Look For Positives To Help With Emotions

Don’t be ashamed of the emotions that come up, whatever they are. One of the most surprising things that came up for me was the feeling of not being good enough. I felt like my body wasn’t good enough to carry a child and that I wasn’t good enough to be a parent. Work through things like that with the support system you create. Be open to opportunities that present themselves during these difficult times and look for the positive in your life.

My first miscarriage helped me to realize how unhealthy the relationship was that I was in and gave me the strength to finally get out of it. The second time around, my husband and I grew closer together and I was able to take advantage of new work opportunities.
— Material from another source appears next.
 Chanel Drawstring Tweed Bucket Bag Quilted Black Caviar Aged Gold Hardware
Focusing on these types of positives and realizing that this was all part of my journey to parenthood helped me to become a much stronger person. Don’t feel bad allowing yourself to be happy about things during this time.
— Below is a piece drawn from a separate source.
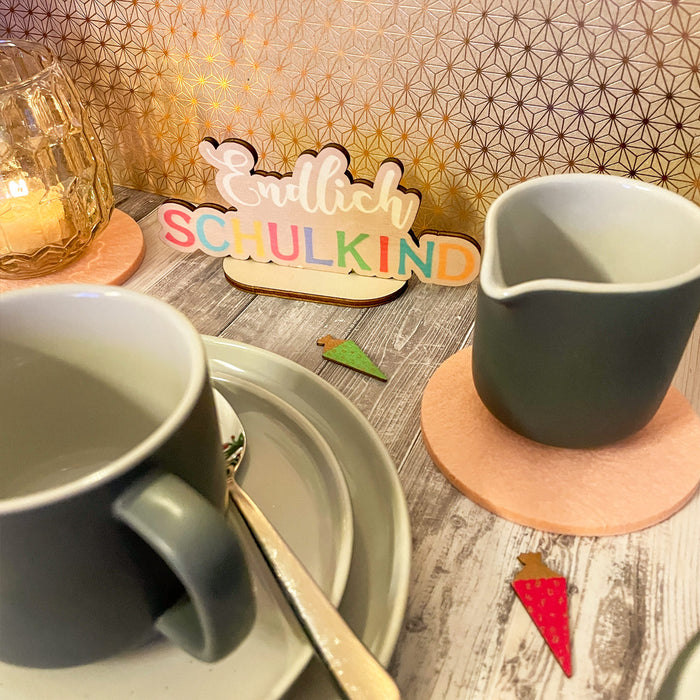 4 Filz Untersetzer Getränke Glas Untersetzer rund Ø 10cm als Tischdekoration - rosa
What About Future Pregnancies?

Another thing to remember is that it is completely normal to be scared about future pregnancies. After my second miscarriage, I was afraid of losing another baby so we decided to pursue adoption instead of continuing with IVF.

When I found out that I was pregnant again, I was excited and terrified all at the same time. My husband and I went into every doctor visit worried that we would get bad news. I was afraid to get too excited because I didn’t want that excitement to be ripped away from me like it had in the past. If you experience these emotions, it’s ok. Turn to your support group again and take things one step at a time.